Okay, scratch all of the stuff I said before in every free write. I have no idea what I’m talking about. I am an idiot.

I am examining truths at my own pace. I reserve the right to be mediocre, and I reserve the right to be average. I especially reserve my right to be slow.

So I’m laying in bed right now, on my damn phone. Writing and stuff. Just trying, I don’t know. All of this keeping-it-real stuff sure does startle me easily. Honestly, can most everyday people stomach the self-centered, aggressively mundane, groans of an aging manboy (a voice that some everyday people (pale nerds with boring family issues) need validated) without comic frills and self-deprecation added as a courtesy? I know I can’t. It really is funny though, and I like laughing. I am growing comfortable with the idea of being flawed, and there’s weird humor in that. Even so, what I think qualifies as a flaw is changing all of the time. Same goes with what I think it means to love, be happy, be empathetic, be a good listener, etc. I have to remind myself that I’m not a killer, or a liar, thief, manipulator, or arsonist. But I am sometimes an idiot. I wish more people would be willing to admit to also being idiots. I was raised by people who, by all means possible, would not even deny that they are idiots because denial would mean admitting to the very existence of the possibility that they are in fact idiots. Idiot, to them, is abstract, and this is obviously an unconscious preference. I’d like to think that this comes with some meaningful consequence, but these days I’m not even sure of that. There are so many deluded people in positions of power, from your cringey, narcissistic manager, to the US president, who have both the social clout and skillful emotional ignorance to, for the most part, totally ignore how deluded and small and selfish and mean they are. Humility, or even honesty, don’t even seem to be worth the psychic rest they give you.
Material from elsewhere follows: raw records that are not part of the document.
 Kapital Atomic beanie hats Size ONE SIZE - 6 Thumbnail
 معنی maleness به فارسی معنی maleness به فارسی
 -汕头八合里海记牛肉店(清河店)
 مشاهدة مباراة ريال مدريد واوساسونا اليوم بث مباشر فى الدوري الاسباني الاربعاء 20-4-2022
I get where this perspective gets all too close to being humble-braggy, self-righteous, woe-is-me, obnoxiously, uselessly cynical, and just generally angry at the world. Weirdly, these kinds of perspectives, in this case, the cynical-pale- nerd-with-family-issues perspective, seem to always horseshoe around to making the person complaining seem to be exactly what’s they are criticizing. Things are more nuanced than that and I don’t have the patience now to point out why pointing out hypocrisy wherever you see it is not really all that noble but is instead an effective way for idiots to validate their own biased, unconscious, boring, and predictably cynical world view, and to ignore considering the complexities in everyday life attitudes. Because that’s hard. Listening to others is hard.
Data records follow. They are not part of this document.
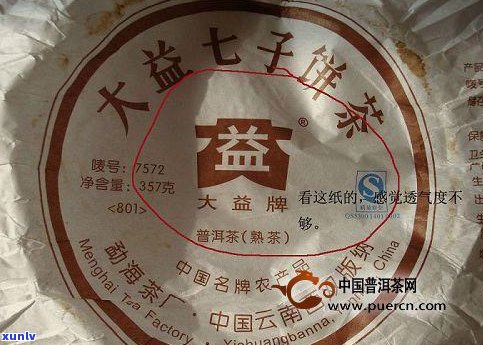 普洱熟散茶的特性及辨别 *** ：真伪、好坏之辨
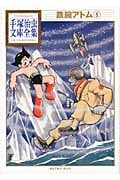 鉄腕アトム(5) (手塚治虫文庫全集)の詳細を見る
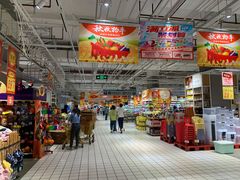 -大润发(国兴店)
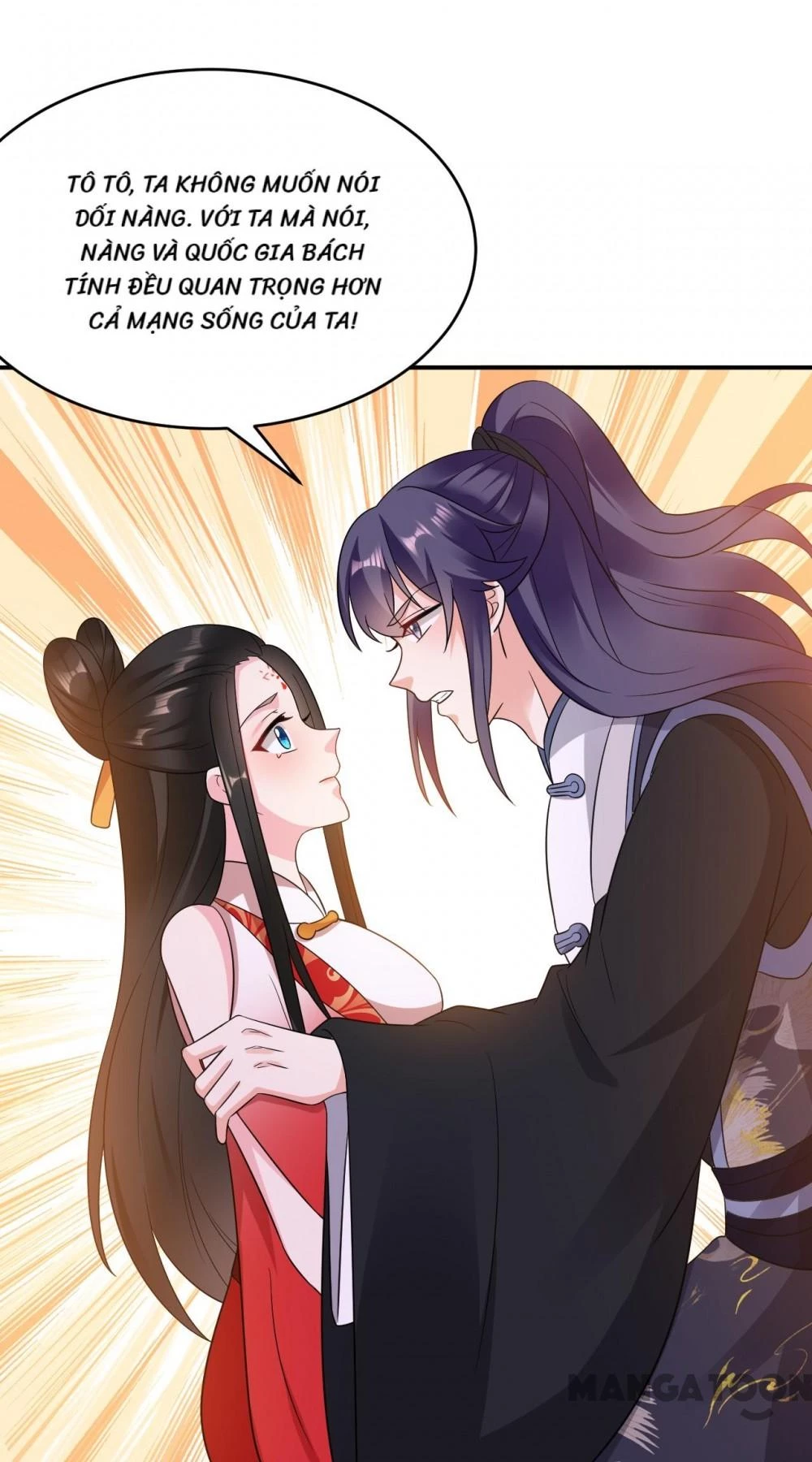 Giang Sơn Mỹ Nam Nhập Trướng Ta Chapter 144 - 8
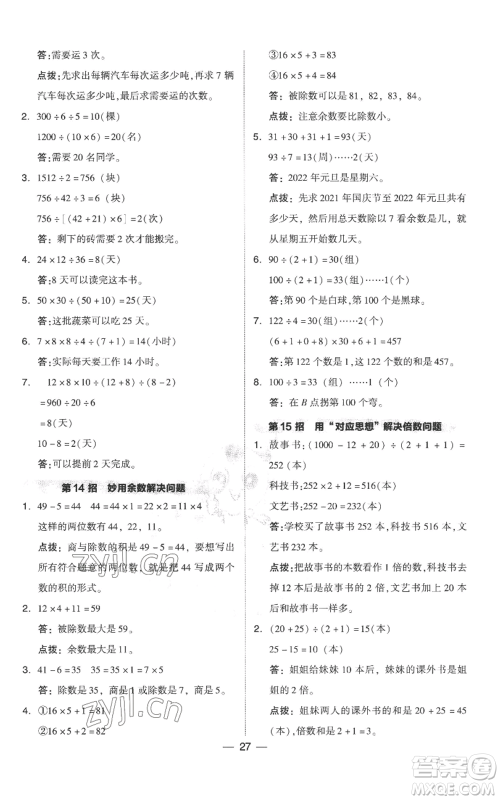 吉林教育出版社2022秋季综合应用创新题典中点四年级上册数学人教版参考答案 吉林教育出版社2022秋季综合应用创新题典中点四年级上册数学人教版参考答案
But I’m dying slowly. I am accidentally breathing on a very pretty rock. I’m going to be funny about all of this, because I’m honestly just sad, and chronically anxious, and (stereotypically for pale nerds with boring family issues) straight up empty.

freewrite 7 (cut this one short because i had to shit)

I should read more. There’s this quote in Arthur Schopenahuer’s book Essays and Aphorisms that I like to sling out at every available opportunity, like the vibrant brainlet that I am.

He says something along the lines of, there’s a difference between a thinker and a scholar, and that you should be able to be both. Scholars read, and absorb information. Thinkers take that information and use it to create a clearer sense of understanding. The person who is always reading is not always thinking, the person who is always thinking will always run out of things to think about if not for new information to use as a basis for thinking. Anyway, I’m feeling like that. I guess these freewrites have been helping me get some of these thoughts out of my head, however mundane or half-baked they are. I get them out. I get to let go of them now. Now, I think, I’m craving more to think about.

But yeah, I guess, there’s my little speech about Schopenhauer and thinking and learning.

I haven’t had coffee this morning. It made me a little too wired yesterday morning, so, you know, laying off of it. I’m wearing a blanket over my lap. Legs still to my chest. I don’t know, it’s comfortable, cozy, warm. I was thinking of buying some candles. I REALLY have to shit so I’m going to cut this freewrite short.